Apart from cancer, lycopene also defends the body against other lethal diseases like arteriosclerosis. Dr M Aviram of Rambam Medical Centre, Israel and Dr AV Rao, University of Toronto were the pioneers to demonstrate the cardioprotective properties of lycopene. Thereafter, many major studies like the EURAMIC, Rotterdam and Kuopio have established the mechanism of action of lycopene against cardiovascular disease manifestation. Yet another hallmark was the study linking the levels of lycopene to functional capacity in the elderly. In this study conducted at University of Kentucky, USA, it was found that there was a strong negative association between lycopene levels and functional capacity of elderly (i.e. dependence in self-care).

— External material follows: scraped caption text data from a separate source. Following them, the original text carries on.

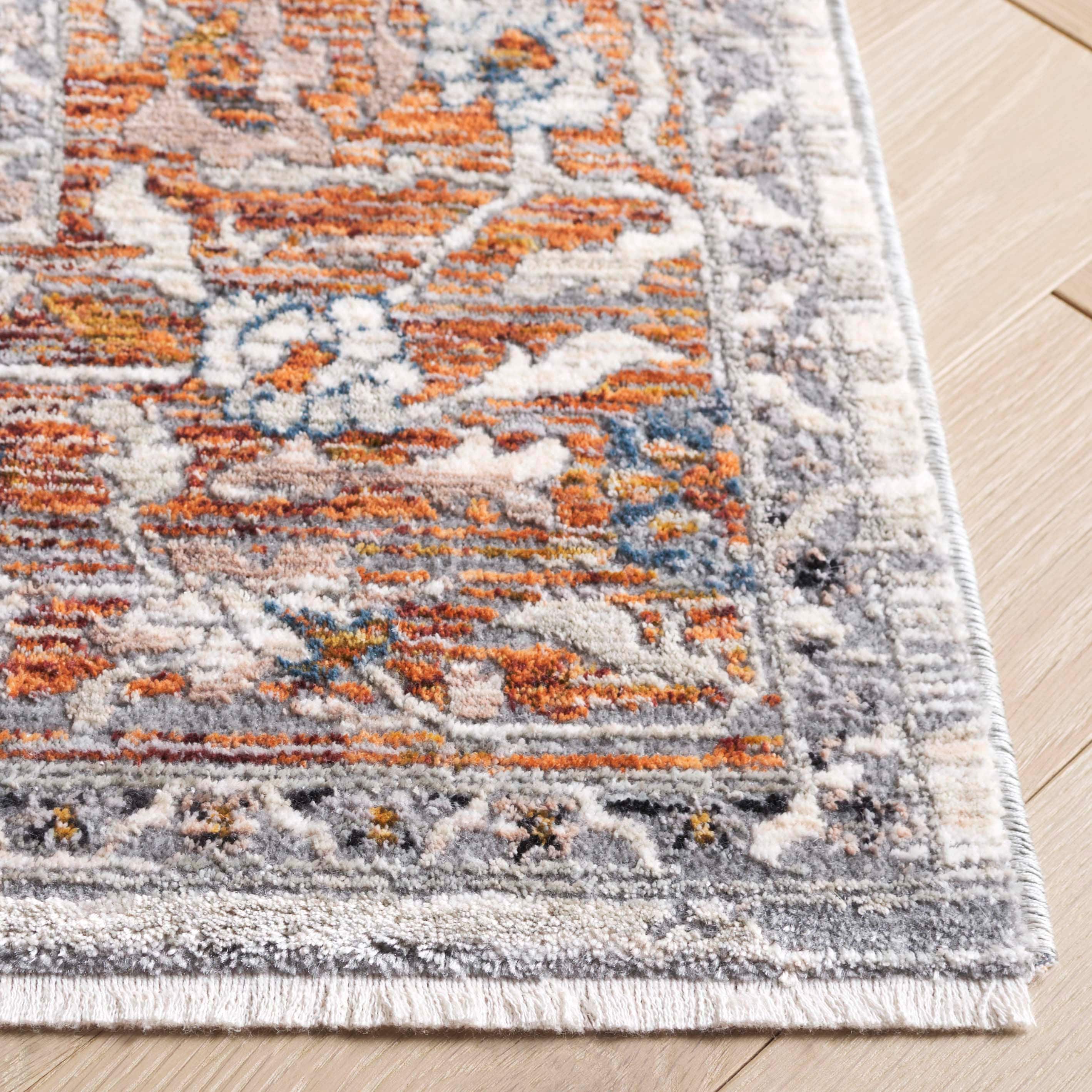 Safavieh HRL722A-8 rugs - View #2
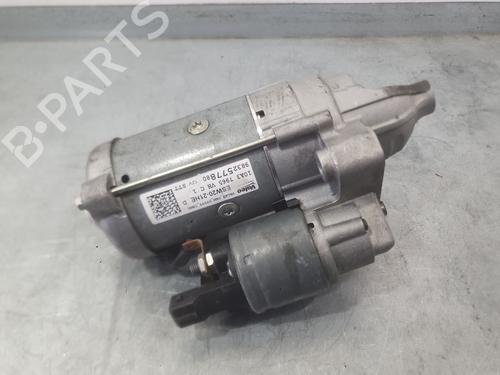 Starter FIAT SCUDO Van 1.5 Multijet 100 (506) | BP38801444M8 - Image 4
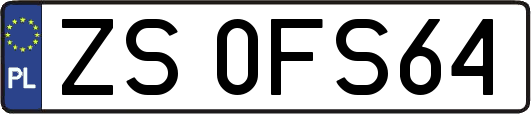 ZS0FS64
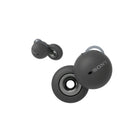 Sony LinkBuds Truly Wireless Earbuds - Grey-Crystal-clear conversations with high quality sound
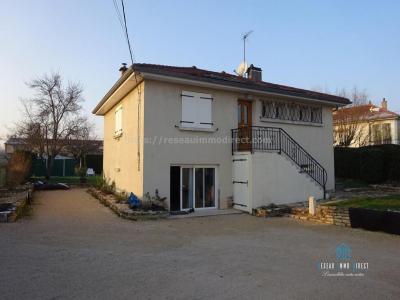 Vente Maison 7 pices TOURNUS 71700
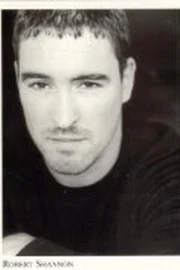 Robert Shannon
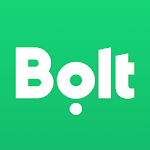 Cover Image of Download Bolt: Fast, Affordable Rides  APK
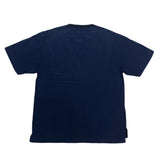 (designers) 2019 MADE IN ITALY MARNI FRONT & BACK PANELED DESIGN T-SHIRT
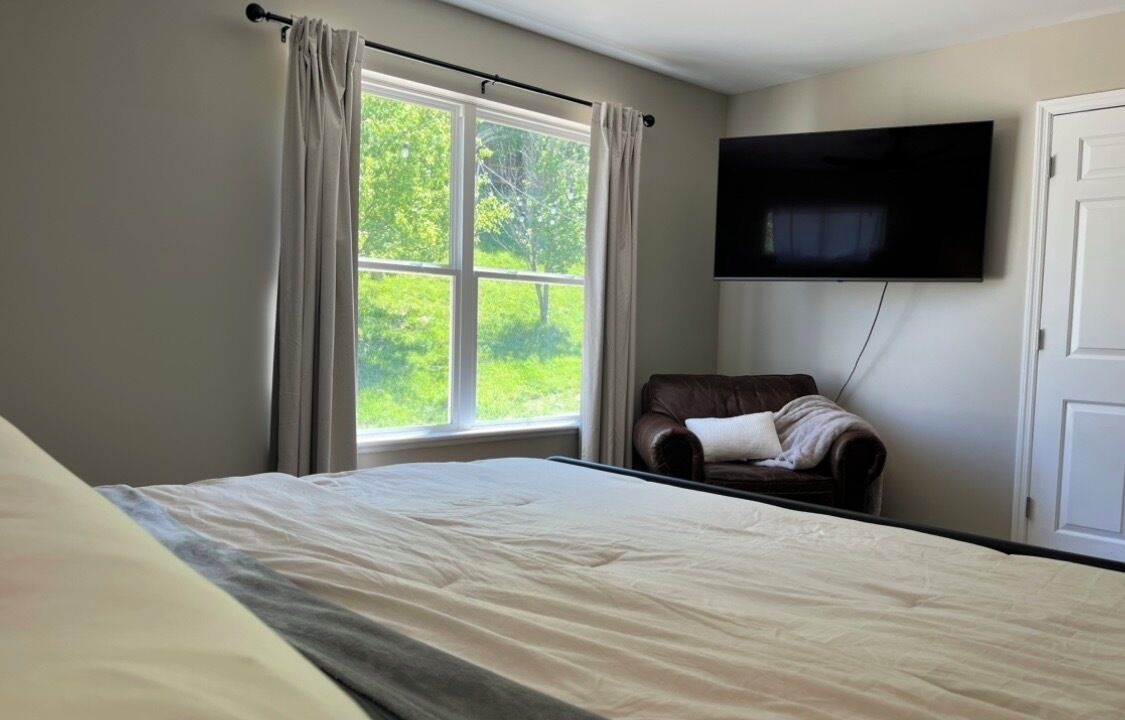 Photo of Bedroom in Williamstown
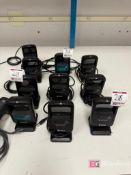 Lot (10) Eyoyo 2D Omni-Directional Barcode Scanners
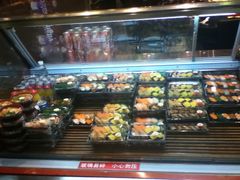 外带寿司-争鲜回转寿司(金桥家乐福店)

Based on these studies one can conclude that lycopene could go a long way in improving the mental as well as physical abilities in the elderly. There is a growing evidence that natural lycopene taken orally can help reduce damaging effects of the sun. Skin research is being carried out at Boston University School, at Israel and at Dusseldorf, Germany. Lycopene is finding its way into more and more areas for a healthy living, with evidence of its benefit emerging in bone health, eye disorders and lung function.
Health benefits of lycopene, the star molecule with immense power, were even further established when, for the first time, an international conference was held at Washington DC on April 1-2, 2003, to examine the latest scientific findings on the potential health benefits of lycopene from tomatoes. Various researchers from Australia, Canada, India, Italy, Israel, Switzerland, UK and USA gathered to discuss new studies on lycopene in relation to male infertility, lung function, osteoporosis, eye disease and cancers. The conference was closed by noting that this is one of the most exciting eras in nutrition science. At the turn of the 20th century, scientists discovered essential vitamins and minerals in certain foods that prevented deficiency diseases. Now, at the turn of the 21st century, other novel nutrients, such as lycopene are being examined for health benefits that are linked to chronic diseases.
Communicating the health benefits to consumers and health professionals must be done responsibly by everyone including the media, industry, academia, and government. A nutraceutical is isolated or purified from food that is generally sold in medicinal forms not usually associated with food. A nutraceutical is demonstrated to have a physiological benefit or provide protection against chronic disease. Lycopene is the nutraceutical that is finding the fastest growing market in the world today. Nutraceuticals are the new mantra for good health in today's fast-paced lifestyle; this is also being endorsed by leading doctors and hospitals, not only in India but globally.
The writer is a doctorate in Biophysics.